Chemically-Resolved Vertical Structures with sub-Angstrom Resolution

We employ and develop the normal incidence x-ray standing wave technique (NIXSW) to study interfaces between molecular layers and their substrates, and also (internal) interfaces of two-dimensional materials.

The NIXSW technique is based on x-ray diffraction and x-ray photoemission. It relies on the presence of a crystalline substrate in contact to the sample structure and provides ultra-precise structural information with respect to the crystal lattice of the substrate. In particular, adsorption heights, layer distances and other vertical dimensions can be obtained at a precision better than 0.05 Å. Because x-ray reflectivity information and photoemission data are acquired simultaneously, the model-free data analysis is complex. Our open-source analysis program Torricelli automises the data analysis [1, 2]. In Torricelli, non-dipolar effects in the photoemission process and other geometric parameters (often ignored until now) are systematically taken into account [3]. We have applied NIXSW both to molecules [4, 5, 6, 7, 8, 9, 10, 11] and two-dimensional materials [12, 13, 14, 15]. Recently, we have also applied the NIXSW method to determine the vertical position of dopants in a bulk crystal: Sr dopants in Bi2Se3 are discussed in the context of topological superconductivity, and their precise position in the unit cell appears to be decisive in this context.
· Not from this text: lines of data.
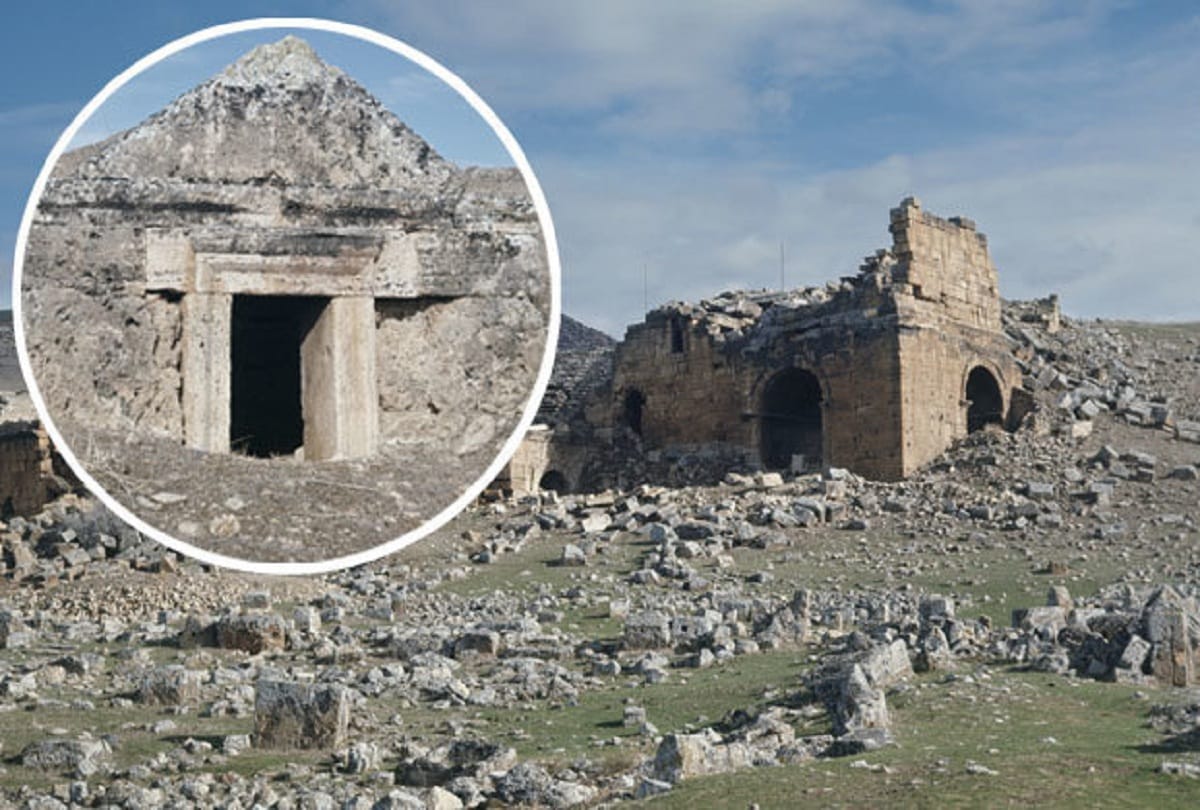 Gate to Hell Pluto's Gate Roman Pamukkale Gate to Underworld Found In Turkey
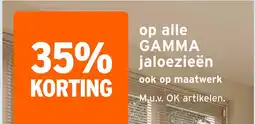 GAMMA op alle GAMMA jaloezieën aanbieding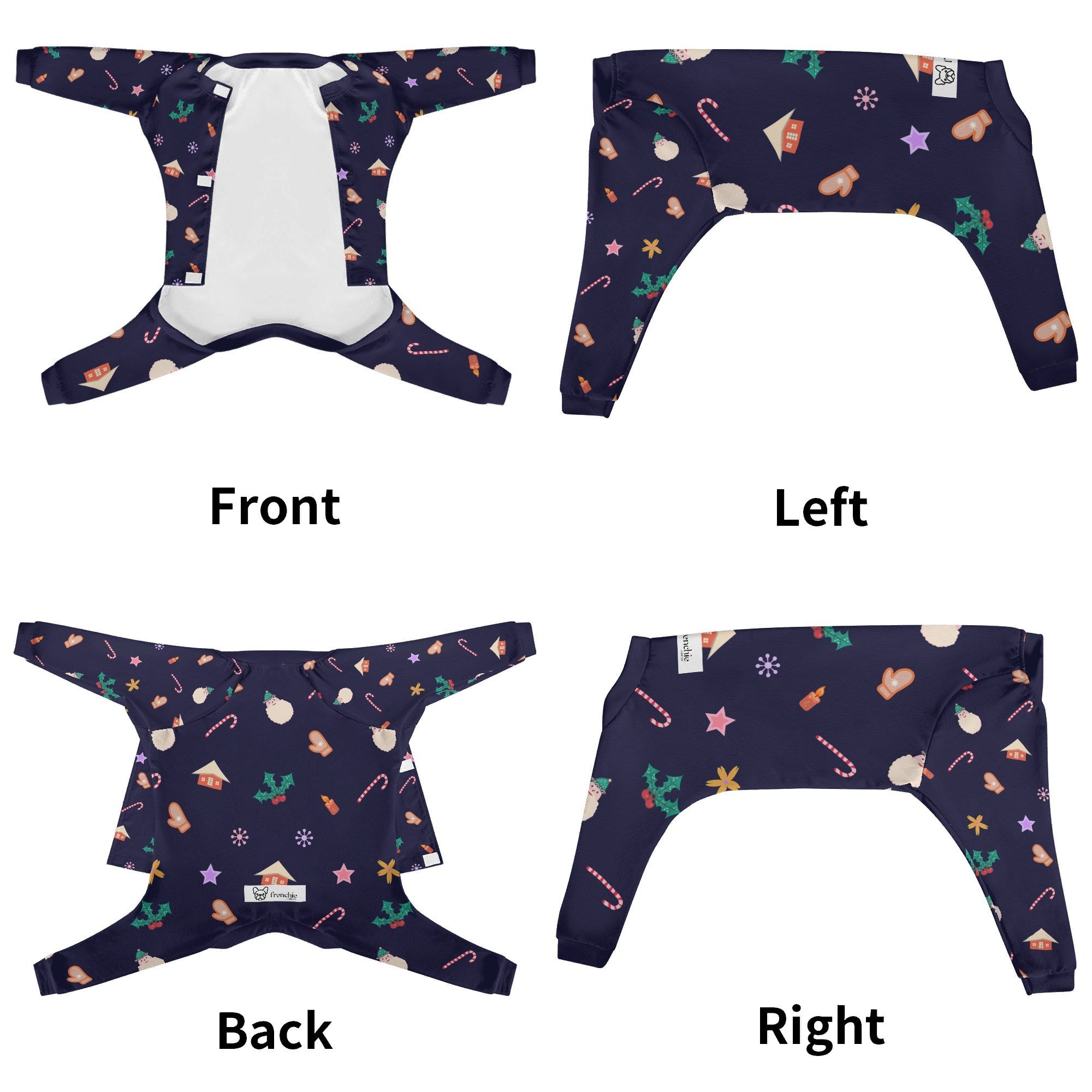 Minimal-Aesthetic Christmass - Frenchie Pajama for Pet Enthusiasts
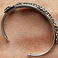 Delicious Openwork Cuff Ingot Sterling, Blue Gem Turquoise, Jewelry by Frank Dishta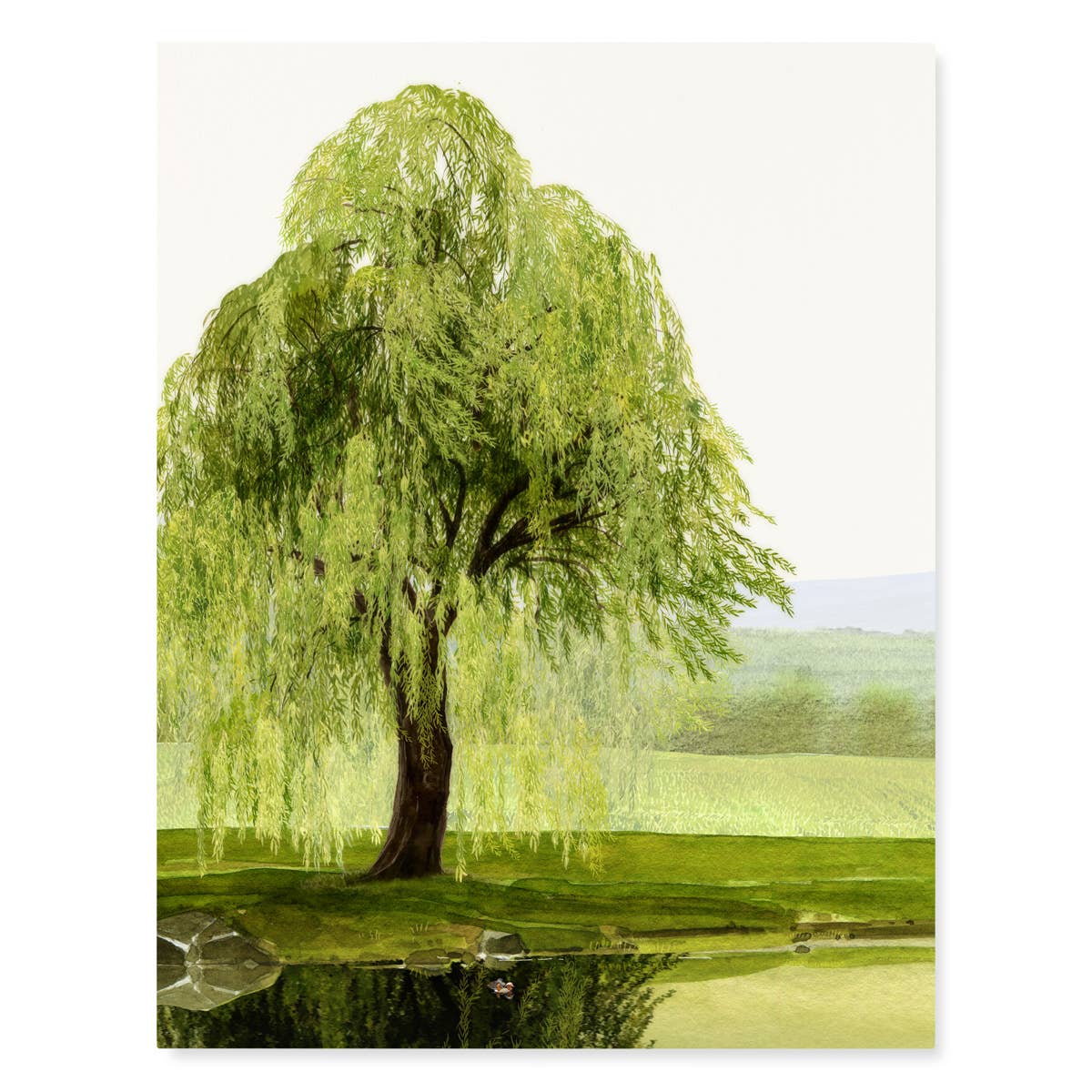 Whispering Willow - Sympathy Greeting Card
Considering the inelastic mean free path of the electrons, usually neglected when analysing NIXSW data, opened the door for the first unambiguous site determination of Sr dopants in Bi2Se3 [16].

Experiments are carried out at the NIXSW beamline I09 at the Diamond Light Source. It is the only photoemission-based XSW beamline worldwide which allows to apply this technique in UHV.

Artist’s view illustrating the NIXSW technique.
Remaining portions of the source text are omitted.